Contrary to CO’s claim (NS) holds that (a) the notion of object colours ‘can be
eliminated in favour of the reductive identification of perceptions of objects
as coloured with psychophysical and neurophysiological states and processes
(eliminativism), and (b) that there are only chromatic visual states and these
are to be identified with neural states (neuroscientific reductionism)’
(1995:135-36, 205).
By eliminating the
objective colour-concept and by reducing colour sensation to neural states that
are responsible for this, colour sensation becomes an ‘artefact’ of the
subject, though a very useful artefact. In this case ‘colour’ must be found in
the nervous system, somewhere between the receptors of the eye and the higher
cortical areas.
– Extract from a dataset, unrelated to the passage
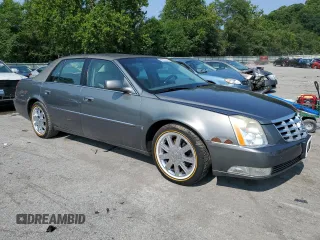 2007 Cadillac DTS V8 z VIN 1G6KD57Y67U136984, wystawiony jako Copart lot #65570084 z przebiegiem 114 814 mil mil oraz Szkoda całkowita • Salvage title. Historia ofert i sprzedaży dostępna na DreamBid. Obrazek 4.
Contrary to a computational approach NS stresses the importance
of a close study of the nervous system.
That all hues can be
mixed using only three basic colours has long been suggested (by Palmer in
1776; by Young in 1801). But that trichromacy is based on the fact that there
are three types of cone receptors has only been confirmed in the 1960s. Before
this several attempts were made to describe colour phenomena (see details in
older textbooks, like Hartridge (1950:256-293)). It was also accepted that in
human colour perception there are two pairs of opponent hues, colours that
cannot be mixed, yellow and blue, and red and green. These four colours define
two axes in the phenomenal colour space. Today, knowing more and more about the
postreceptoral mechanisms of the human visual system, this opposition can be
explained by the nervous system’s build-up, containing ‘opponent neurons’,
responsible for colour contrast.
It would be improper
here to go into the details of the neural structure of the visual system.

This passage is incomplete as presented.